In dry weather the dung turned to dust and got into the air and thence into the lungs; brucellosis was endemic as a result. Wet dung gave rise to major infestations of flies, which carried disease to any food they could reach.
In cities then, electric transport or internal combustion is still preferable.
However, in agriculture, and for rural transport where roads traffic is light, horses wil no doubt make a comeback. The equation is purely economic: in transport, it’s cost per unit weight per unit distance (e.g. cost per ton/mile, or possibly per 1,000 kg / km). In agriculture the cost equation is slightly more complex due to the increased labor requirement, but in any case there will come a point where those costs are less than the combined costs of fossil fuel based fertilizers and fossil fuel operated tractors, and at that point horses will come back into widespread use.

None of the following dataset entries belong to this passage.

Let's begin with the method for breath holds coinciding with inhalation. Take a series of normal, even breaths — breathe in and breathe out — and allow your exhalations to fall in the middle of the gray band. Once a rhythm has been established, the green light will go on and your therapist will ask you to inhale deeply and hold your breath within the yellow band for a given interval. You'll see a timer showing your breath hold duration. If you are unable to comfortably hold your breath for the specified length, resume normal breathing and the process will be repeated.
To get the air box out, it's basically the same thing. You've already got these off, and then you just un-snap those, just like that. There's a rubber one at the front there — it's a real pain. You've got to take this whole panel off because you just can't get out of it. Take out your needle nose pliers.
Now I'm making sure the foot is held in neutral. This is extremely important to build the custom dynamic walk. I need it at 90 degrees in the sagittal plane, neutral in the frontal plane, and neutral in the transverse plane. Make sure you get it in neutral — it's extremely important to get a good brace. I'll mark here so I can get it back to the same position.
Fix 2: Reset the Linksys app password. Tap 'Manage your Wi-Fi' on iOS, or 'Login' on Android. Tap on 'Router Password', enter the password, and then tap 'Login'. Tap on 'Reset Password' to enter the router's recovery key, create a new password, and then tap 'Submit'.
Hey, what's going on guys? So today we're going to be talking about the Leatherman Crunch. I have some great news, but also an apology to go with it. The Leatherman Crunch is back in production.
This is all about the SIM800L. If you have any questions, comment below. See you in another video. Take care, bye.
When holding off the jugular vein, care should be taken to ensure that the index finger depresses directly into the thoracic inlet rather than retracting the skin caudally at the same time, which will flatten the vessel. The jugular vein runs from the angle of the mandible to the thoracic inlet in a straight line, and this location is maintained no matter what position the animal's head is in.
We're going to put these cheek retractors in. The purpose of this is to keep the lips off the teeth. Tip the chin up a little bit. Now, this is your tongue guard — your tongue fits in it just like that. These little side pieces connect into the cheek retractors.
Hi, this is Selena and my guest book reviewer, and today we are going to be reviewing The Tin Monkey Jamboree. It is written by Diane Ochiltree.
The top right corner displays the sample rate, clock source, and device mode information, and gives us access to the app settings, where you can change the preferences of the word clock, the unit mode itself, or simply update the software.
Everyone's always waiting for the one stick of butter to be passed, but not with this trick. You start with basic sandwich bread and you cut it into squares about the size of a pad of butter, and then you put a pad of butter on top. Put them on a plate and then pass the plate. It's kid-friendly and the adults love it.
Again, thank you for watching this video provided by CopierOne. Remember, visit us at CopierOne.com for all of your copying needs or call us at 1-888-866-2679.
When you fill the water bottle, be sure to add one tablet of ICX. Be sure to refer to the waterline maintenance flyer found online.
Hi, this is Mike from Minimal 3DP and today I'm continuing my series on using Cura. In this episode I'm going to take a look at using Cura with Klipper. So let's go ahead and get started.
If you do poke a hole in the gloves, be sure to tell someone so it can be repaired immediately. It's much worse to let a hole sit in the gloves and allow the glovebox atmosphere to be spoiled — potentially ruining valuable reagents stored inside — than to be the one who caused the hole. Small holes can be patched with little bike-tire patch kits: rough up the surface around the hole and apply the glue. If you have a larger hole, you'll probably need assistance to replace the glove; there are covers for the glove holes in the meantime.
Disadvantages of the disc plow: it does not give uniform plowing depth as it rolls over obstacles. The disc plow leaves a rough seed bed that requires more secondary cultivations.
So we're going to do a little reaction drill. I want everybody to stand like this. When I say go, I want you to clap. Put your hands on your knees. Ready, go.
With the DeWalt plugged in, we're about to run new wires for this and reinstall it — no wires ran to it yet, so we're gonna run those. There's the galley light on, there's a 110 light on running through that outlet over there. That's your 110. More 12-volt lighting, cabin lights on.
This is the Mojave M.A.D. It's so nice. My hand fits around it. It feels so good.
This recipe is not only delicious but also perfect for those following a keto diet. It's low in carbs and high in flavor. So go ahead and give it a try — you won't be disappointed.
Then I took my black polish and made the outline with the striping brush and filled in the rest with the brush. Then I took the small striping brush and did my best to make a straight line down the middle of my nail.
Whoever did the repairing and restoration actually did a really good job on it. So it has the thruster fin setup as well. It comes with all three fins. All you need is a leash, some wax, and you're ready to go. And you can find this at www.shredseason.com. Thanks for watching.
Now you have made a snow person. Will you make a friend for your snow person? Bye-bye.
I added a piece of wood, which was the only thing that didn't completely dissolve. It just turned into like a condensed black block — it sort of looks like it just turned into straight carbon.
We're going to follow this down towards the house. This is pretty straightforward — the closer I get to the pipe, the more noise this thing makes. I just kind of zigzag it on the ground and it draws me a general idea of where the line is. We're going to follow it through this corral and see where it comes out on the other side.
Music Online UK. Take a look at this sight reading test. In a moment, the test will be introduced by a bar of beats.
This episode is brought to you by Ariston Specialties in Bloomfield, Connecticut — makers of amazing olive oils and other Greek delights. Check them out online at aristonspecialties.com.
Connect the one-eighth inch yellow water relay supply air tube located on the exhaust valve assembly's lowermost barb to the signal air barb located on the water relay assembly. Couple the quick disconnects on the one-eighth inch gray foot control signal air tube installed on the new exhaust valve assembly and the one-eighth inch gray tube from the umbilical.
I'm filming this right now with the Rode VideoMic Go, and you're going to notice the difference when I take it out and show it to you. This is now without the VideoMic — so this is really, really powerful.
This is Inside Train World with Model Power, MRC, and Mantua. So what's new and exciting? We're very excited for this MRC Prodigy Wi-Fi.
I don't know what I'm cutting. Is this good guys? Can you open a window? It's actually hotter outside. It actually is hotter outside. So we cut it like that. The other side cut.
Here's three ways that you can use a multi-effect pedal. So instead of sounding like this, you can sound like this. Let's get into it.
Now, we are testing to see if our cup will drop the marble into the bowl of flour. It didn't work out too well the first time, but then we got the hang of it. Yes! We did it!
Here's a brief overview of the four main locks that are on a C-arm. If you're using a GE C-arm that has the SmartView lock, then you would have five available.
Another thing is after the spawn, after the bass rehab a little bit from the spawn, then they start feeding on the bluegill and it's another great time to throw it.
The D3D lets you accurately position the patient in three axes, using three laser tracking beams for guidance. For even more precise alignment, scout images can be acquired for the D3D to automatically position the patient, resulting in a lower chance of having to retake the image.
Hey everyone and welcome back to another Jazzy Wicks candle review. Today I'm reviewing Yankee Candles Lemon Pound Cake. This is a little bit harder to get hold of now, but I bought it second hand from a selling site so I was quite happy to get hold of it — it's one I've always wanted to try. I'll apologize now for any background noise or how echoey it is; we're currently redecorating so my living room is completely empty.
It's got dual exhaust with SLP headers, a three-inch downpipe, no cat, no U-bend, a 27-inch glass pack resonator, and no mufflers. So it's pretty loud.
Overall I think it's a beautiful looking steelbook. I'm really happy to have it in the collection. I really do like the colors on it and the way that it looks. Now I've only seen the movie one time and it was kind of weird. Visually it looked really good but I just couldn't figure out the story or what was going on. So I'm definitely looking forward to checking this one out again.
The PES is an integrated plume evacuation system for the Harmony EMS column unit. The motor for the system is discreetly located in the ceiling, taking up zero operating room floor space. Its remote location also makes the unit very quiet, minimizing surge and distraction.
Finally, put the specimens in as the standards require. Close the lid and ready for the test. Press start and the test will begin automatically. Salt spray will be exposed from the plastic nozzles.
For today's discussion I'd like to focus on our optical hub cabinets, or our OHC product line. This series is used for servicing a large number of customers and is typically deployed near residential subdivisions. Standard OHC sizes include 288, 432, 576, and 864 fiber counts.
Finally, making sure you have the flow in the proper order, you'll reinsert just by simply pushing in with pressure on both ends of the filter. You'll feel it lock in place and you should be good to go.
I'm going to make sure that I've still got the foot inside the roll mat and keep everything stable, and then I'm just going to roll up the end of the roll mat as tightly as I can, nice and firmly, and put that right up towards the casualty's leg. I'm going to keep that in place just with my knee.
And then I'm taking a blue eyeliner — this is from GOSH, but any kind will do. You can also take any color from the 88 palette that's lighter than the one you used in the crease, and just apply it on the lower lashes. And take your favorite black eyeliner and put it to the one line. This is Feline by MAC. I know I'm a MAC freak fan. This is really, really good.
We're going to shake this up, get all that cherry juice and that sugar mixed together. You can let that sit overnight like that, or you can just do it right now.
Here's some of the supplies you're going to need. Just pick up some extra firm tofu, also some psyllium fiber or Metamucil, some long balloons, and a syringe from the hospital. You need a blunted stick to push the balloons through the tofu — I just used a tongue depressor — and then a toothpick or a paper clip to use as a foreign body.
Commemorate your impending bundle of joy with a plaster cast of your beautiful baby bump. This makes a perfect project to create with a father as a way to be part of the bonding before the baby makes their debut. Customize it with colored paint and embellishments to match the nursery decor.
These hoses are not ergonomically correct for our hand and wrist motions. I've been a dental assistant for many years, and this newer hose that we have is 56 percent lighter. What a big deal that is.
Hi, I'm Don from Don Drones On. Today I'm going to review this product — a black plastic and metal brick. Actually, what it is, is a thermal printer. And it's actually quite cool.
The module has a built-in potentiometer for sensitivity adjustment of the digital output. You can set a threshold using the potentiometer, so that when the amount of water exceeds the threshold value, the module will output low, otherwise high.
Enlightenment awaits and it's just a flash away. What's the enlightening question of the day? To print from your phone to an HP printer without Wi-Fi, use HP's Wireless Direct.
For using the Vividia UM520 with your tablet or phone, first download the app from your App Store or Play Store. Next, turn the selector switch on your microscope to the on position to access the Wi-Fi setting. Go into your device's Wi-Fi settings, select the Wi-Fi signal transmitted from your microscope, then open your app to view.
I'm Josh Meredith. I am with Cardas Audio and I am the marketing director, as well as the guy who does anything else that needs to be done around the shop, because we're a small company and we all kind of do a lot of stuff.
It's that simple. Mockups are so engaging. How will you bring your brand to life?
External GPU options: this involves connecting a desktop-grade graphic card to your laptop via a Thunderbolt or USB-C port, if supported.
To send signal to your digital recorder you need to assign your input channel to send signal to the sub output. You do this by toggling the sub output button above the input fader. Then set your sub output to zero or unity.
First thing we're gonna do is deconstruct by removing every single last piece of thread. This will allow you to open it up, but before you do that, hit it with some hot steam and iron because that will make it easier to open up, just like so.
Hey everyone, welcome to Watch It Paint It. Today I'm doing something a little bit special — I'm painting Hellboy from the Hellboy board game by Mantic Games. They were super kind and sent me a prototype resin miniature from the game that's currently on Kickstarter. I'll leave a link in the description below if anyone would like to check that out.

For an example of how horse tech will improve, look up the British Pagefield System of urban delivery (also used for refuse collection): horse-drawn vans, entirely modern in every way save for their motive power, were used for the local part of the trip; and the van boxes were winched onto a roll-off truck for long distance haulage to & from central depots. The point here being that the vans were up to date, with pneumatic tires and low working heights for the workers who loaded and unloaded the cargo. We can easily develop similar equipment today.
You raise a good point that horse breeding must begin soon to provide sufficient horses to meet the demand. This is going to become a very interesting issue as soon as horse power becomes economically desirable: those with the horses will earn a windfall.
I do have one criticism to raise. You say “Encouraging people to watch a horse’s ass instead of a computer screen might prove difficult.” I disagree: people already watch plenty of horses’ asses* on TV and listen to them on the radio. Converting to the real thing will be easy.
*Horse’s ass: American slang for a person who is stupid and obnoxious, or who is an unrepentant liar. For example, “Candidate so-and-so was just caught in another lie on the campaign trail; s/he is a real horse’s ass.”
S.P. Gass
Excellent article with several great points. I featured and excerpt and link to your story on my blog.
A farmer
Wow…this is quite possibly the worst idea I have ever heard. It is almost as bad as using corn for ethanol. This would never be cost effective. There is a reason we switched from horses to tractors…tractors get more done in a shorter period of time, allowing us to concentrate on other aspects of the farm.
t
What about elephants?
Tracy Ryan
What about the animal-rights perspective on this? Are humans necessarily entitled to enact this sort of wide-scale abuse of horses and other animals?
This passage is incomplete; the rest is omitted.